=== Section Start ===

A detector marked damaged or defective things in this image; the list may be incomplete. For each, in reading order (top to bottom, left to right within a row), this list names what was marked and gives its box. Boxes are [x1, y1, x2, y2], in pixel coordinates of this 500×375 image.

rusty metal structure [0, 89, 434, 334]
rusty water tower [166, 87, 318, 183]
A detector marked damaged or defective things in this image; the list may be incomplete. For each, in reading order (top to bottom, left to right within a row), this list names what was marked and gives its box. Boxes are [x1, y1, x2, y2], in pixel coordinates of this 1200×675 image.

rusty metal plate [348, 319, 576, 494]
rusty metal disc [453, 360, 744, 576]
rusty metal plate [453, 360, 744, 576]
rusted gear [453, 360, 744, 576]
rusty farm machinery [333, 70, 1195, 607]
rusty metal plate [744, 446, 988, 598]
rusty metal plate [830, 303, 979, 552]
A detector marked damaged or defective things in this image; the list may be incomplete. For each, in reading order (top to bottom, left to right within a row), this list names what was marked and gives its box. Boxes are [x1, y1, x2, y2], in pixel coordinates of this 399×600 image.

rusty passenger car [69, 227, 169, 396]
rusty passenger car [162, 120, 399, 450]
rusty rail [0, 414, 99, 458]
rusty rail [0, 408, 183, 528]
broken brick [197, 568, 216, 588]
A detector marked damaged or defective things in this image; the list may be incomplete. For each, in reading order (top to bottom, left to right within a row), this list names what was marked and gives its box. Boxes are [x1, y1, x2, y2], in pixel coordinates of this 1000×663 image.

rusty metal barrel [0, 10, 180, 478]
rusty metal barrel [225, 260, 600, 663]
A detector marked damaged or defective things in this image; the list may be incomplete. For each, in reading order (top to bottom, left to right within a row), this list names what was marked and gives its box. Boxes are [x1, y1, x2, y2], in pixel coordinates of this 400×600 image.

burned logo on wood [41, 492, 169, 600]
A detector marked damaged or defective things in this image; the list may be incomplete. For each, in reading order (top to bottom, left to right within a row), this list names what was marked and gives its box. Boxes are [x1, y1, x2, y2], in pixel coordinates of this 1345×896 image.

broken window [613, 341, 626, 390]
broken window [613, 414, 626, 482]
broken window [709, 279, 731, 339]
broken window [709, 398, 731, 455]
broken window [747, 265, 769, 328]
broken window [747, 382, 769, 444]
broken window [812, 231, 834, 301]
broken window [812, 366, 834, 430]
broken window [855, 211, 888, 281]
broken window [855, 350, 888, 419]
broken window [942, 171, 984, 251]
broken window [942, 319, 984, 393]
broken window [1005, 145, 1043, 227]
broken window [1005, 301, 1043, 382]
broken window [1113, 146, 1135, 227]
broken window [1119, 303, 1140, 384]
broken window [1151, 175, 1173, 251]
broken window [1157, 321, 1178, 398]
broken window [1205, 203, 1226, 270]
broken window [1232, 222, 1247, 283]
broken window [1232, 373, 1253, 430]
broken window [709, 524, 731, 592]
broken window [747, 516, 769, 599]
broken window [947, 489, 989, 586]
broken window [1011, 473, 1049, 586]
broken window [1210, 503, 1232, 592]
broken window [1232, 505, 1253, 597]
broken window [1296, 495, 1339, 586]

=== Section End ===

• The task
Would you repeat the lines from the one containing "this 1000×663 image." through the end of the data, exactly, with nothing before or after them?

• Response below
A detector marked damaged or defective things in this image; the list may be incomplete. For each, in reading order (top to bottom, left to right within a row), this list names what was marked and gives its box. Boxes are [x1, y1, x2, y2], in pixel coordinates of this 1000×663 image.

rusty metal barrel [0, 10, 180, 478]
rusty metal barrel [225, 260, 600, 663]
A detector marked damaged or defective things in this image; the list may be incomplete. For each, in reading order (top to bottom, left to right within a row), this list names what was marked and gives its box. Boxes are [x1, y1, x2, y2], in pixel coordinates of this 400×600 image.

burned logo on wood [41, 492, 169, 600]
A detector marked damaged or defective things in this image; the list may be incomplete. For each, in reading order (top to bottom, left to right within a row), this list names what was marked and gives its box. Boxes are [x1, y1, x2, y2], in pixel coordinates of this 1345×896 image.

broken window [613, 341, 626, 390]
broken window [613, 414, 626, 482]
broken window [709, 279, 731, 339]
broken window [709, 398, 731, 455]
broken window [747, 265, 769, 328]
broken window [747, 382, 769, 444]
broken window [812, 231, 834, 301]
broken window [812, 366, 834, 430]
broken window [855, 211, 888, 281]
broken window [855, 350, 888, 419]
broken window [942, 171, 984, 251]
broken window [942, 319, 984, 393]
broken window [1005, 145, 1043, 227]
broken window [1005, 301, 1043, 382]
broken window [1113, 146, 1135, 227]
broken window [1119, 303, 1140, 384]
broken window [1151, 175, 1173, 251]
broken window [1157, 321, 1178, 398]
broken window [1205, 203, 1226, 270]
broken window [1232, 222, 1247, 283]
broken window [1232, 373, 1253, 430]
broken window [709, 524, 731, 592]
broken window [747, 516, 769, 599]
broken window [947, 489, 989, 586]
broken window [1011, 473, 1049, 586]
broken window [1210, 503, 1232, 592]
broken window [1232, 505, 1253, 597]
broken window [1296, 495, 1339, 586]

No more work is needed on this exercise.